Rezultatem kilkudziesięcioletniej "niewoli mentalnej" są dzisiejsze problemy polskich studiów międzynarodowych: wtórność teoretyczna, słabość metodologiczna, nieznajomość zachodnich standardów naukowych, skupienie się na dydaktyce (nazywanej mylnie "praktyką") kosztem pracy badawczej. Rezultatem tych problemów staje się deskryptywizm polskich prac naukowych, podręczników i analiz - pozbawionych niezbędnych ram teoretycznych i odniesień do innych dziedzin humanistyki. Brak szerszego rozeznania w studiach zachodnich skutkuje również idiograficznością opisu - tj. skupieniem się na pojedynczych zagadnieniach, bez odniesienia do szerszych koncepcji SM. Zważmy ponadto, że sam opis nie jest tożsamy z wyjaśnianiem problemowym.

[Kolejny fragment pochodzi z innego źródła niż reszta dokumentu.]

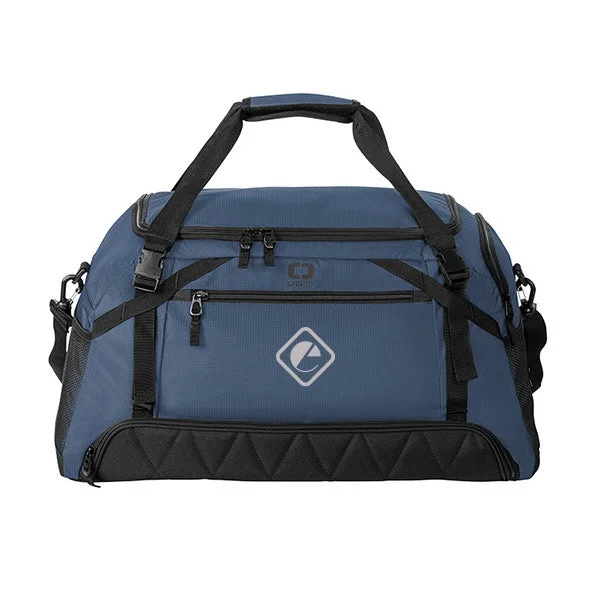 OGIO® Motion Duffel Bag (Q520722)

Czaputowicz odnotowuje też komplikacje związane z funkcjonowaniem polskiego środowiska naukowego. Określa je jako skonfliktowane, nieuczestniczące w naukowym dialogu międzynarodowym, niedojrzałe teoretycznie, co skutkuje niezdolnością do analiz fundamentalnych i popularnych problemów życia społecznego.
Czaputowicz wiele miejsca poświęca jednak nowym pozytywnym tendencjom w badaniach międzynarodowych w Polsce - wskazuje na periodyki i tłumaczenia autorów zachodnich, działalność ośrodków eksperckich (i ich wysokie miejsca w rankingach europejskich i globalnych!), a także prace młodych polskich badaczy, przyznając, iż na poziomie teoretyczno-warsztatowym są one wyższej jakości, niż prace poprzedniego pokolenia. Omawiany artykuł nie odnosi się jednak szerzej do polskiej literatury przedmiotu, co sprawia, iż praca Czaputowicza ma raczej charakter eseju naukowego, jakkolwiek za granicą może zostać niestety odebrana za całościową analizę polskiego "rynku naukowego". Podejrzewam, że analiza Czaputowicza wzbudzi mieszane uczucia w polskich placówkach badawczych.

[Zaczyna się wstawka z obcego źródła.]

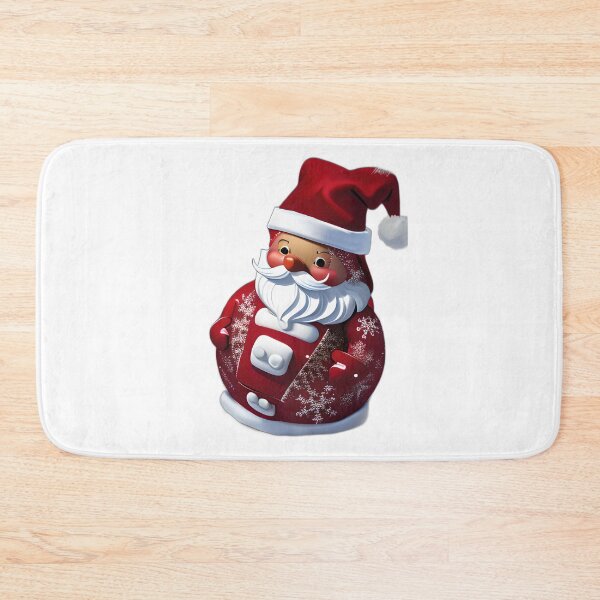 Item preview, Xmas Chef designed and sold by Pamilya.
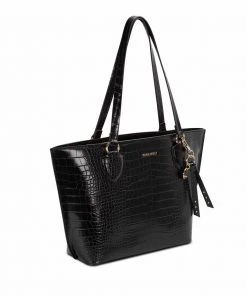 Nine West Handbags Payton Small Tote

Warto więc wziąć w obronę dynamiczny rozwój polskich SM, błyskawiczną rozbudowę sektora akademickiego, liczne nowe portale internetowe i organizacje pozarządowe skupione na edukacji i analizie stosunków międzynarodowych na wielu poziomach (o tym już autor artykułu nie wspomina, podobnież nie wspomina o dorobku teoretycznym kilku wiodących polskich katedr badawczych, co budzi zdziwienie). W ciągu ostatnich kilku lat odbyło się w Polsce co najmniej kilkadziesiąt konferencji (również ani słowa o tym w tekście Czaputowicza), na których (nie tylko) młodzi badacze dyskutowali wielokrotnie nad unowocześnianiem studiów w tej dyscyplinie. Efekty - w postaci sieci wiedzy, publikacji, ekspertów, polepszeniu jakości informacji - już są zauważalne. Przed nami wiele pracy, by polskie teksty były wartościowe, komentowane, cytowane, by ułatwiały rozumienie świata oraz Polski większej ilości ludzi - ale to już się dzieje.
Warto analizować stan dyscypliny, warto działać na rzecz coraz wyższych standardów naukowych, niekoniecznie jednak narzekając na ich obecny stan za granicą, gdyż to paradoksalnie może utrudnić dialog naukowy z wieloma środowiskami. Niemniej jednak walorem tekstu profesora Czaputowicza jest krytyka oraz zwrócenie uwagi na zagrożenia rozwoju badań społecznych i międzynarodowych.